◆ DATASET SECTION ◆
┌──
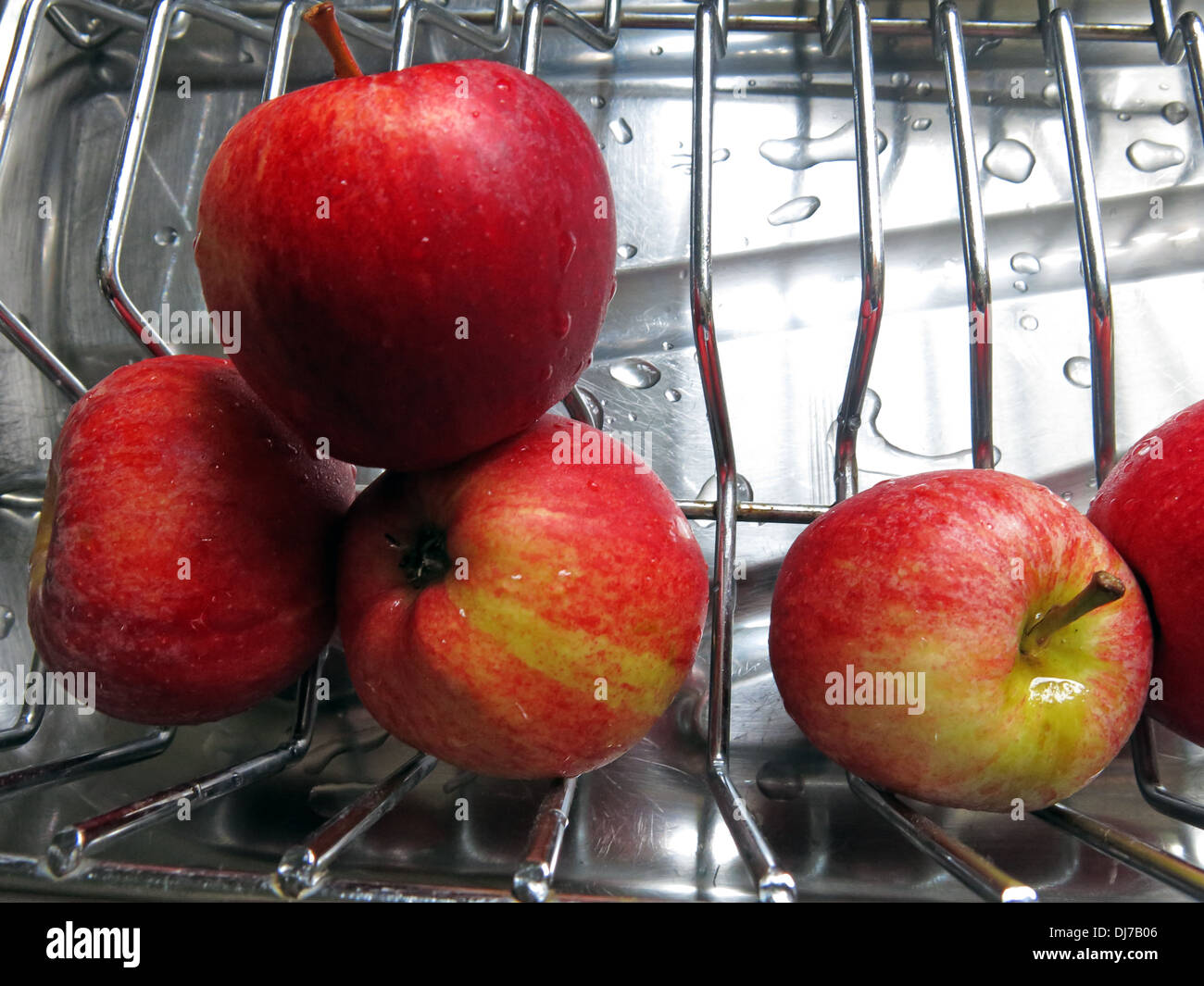 Fraîchement lavés santé pommes rouges sur un égouttoir à une pomme par jour maintient le docteur Parti Banque D'Images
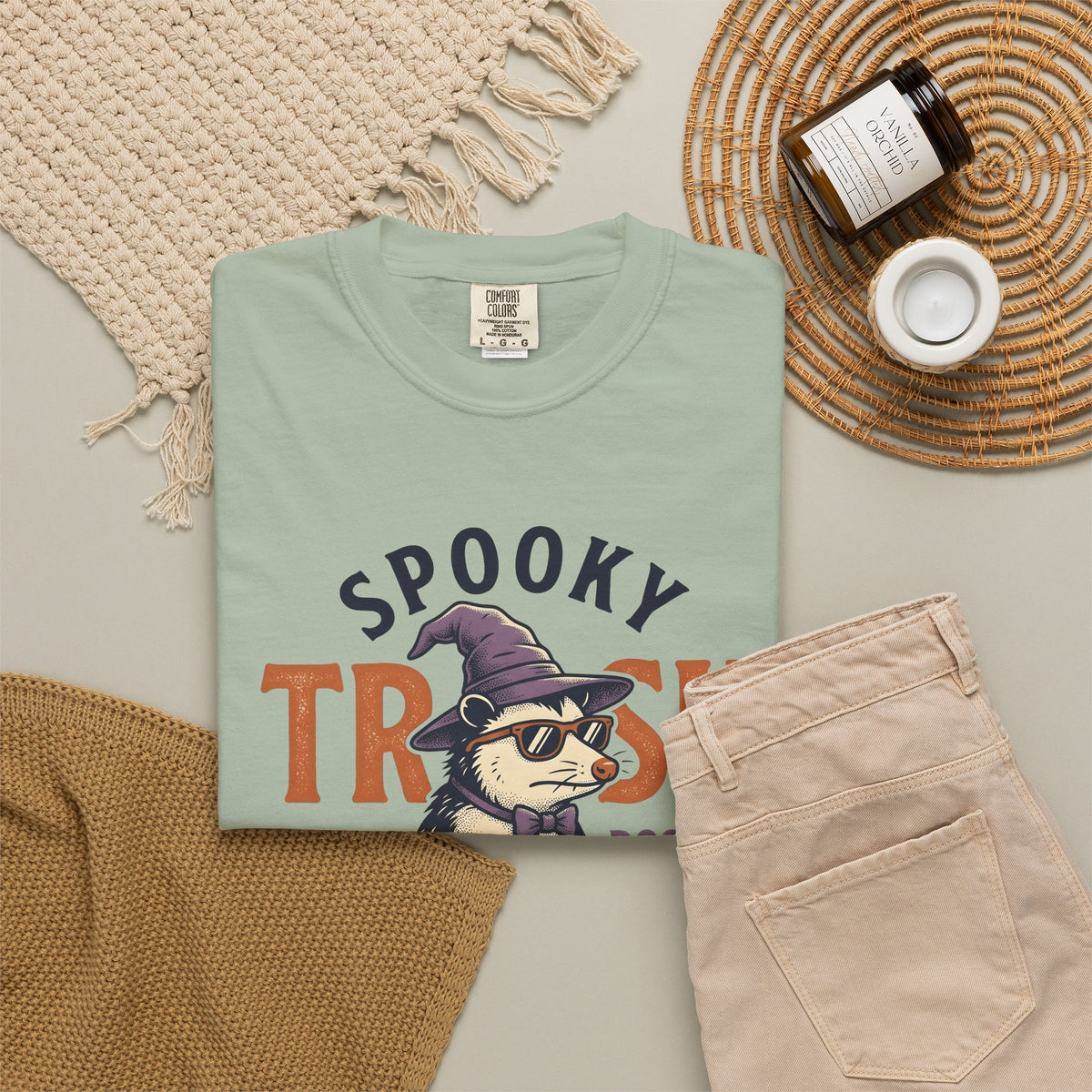 Possum Wizard Halloween Animal Gift Vintage Opossum Spooky Fan Retro Creature Hand Drawn T-Shirt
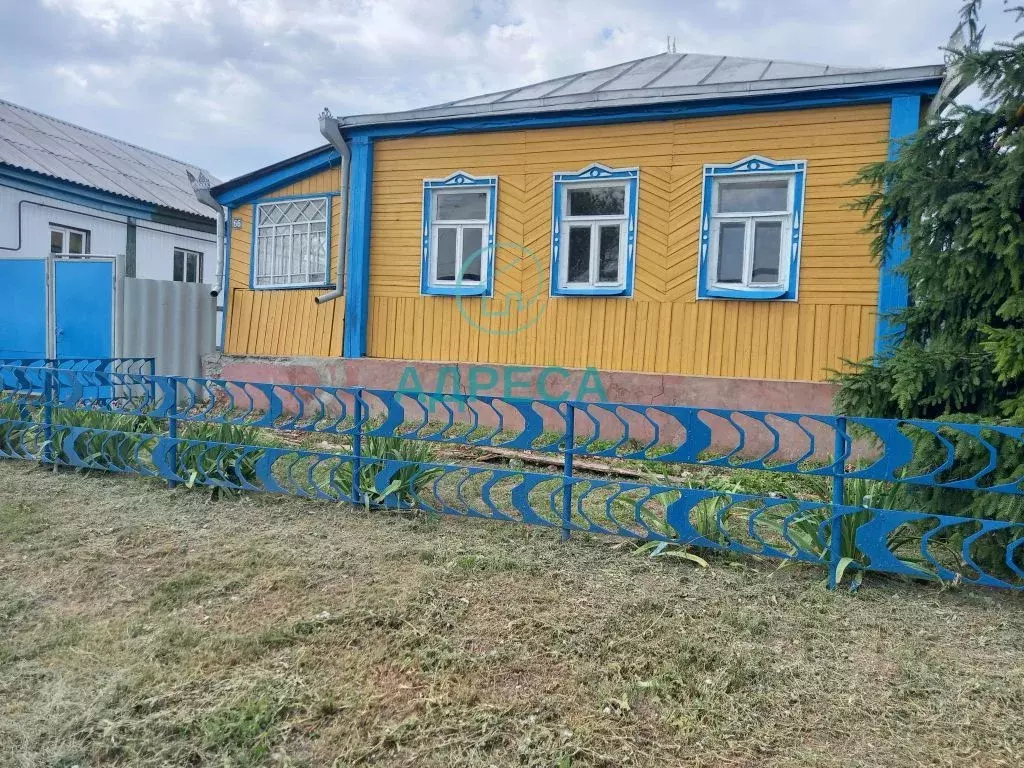 Дом в Белгородская область, Новооскольский городской округ, с. Новая ... - Фото 1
└──
◆ WHAT THE EXERCISE ASKS ◆
Start with the line that holds "Possum Wizard Halloween" and retype each line through the last one in the data, exactly and without pictures.

◆ COMPLETED EXERCISE ◆
 Possum Wizard Halloween Animal Gift Vintage Opossum Spooky Fan Retro Creature Hand Drawn T-Shirt
 Дом в Белгородская область, Новооскольский городской округ, с. Новая ... - Фото 1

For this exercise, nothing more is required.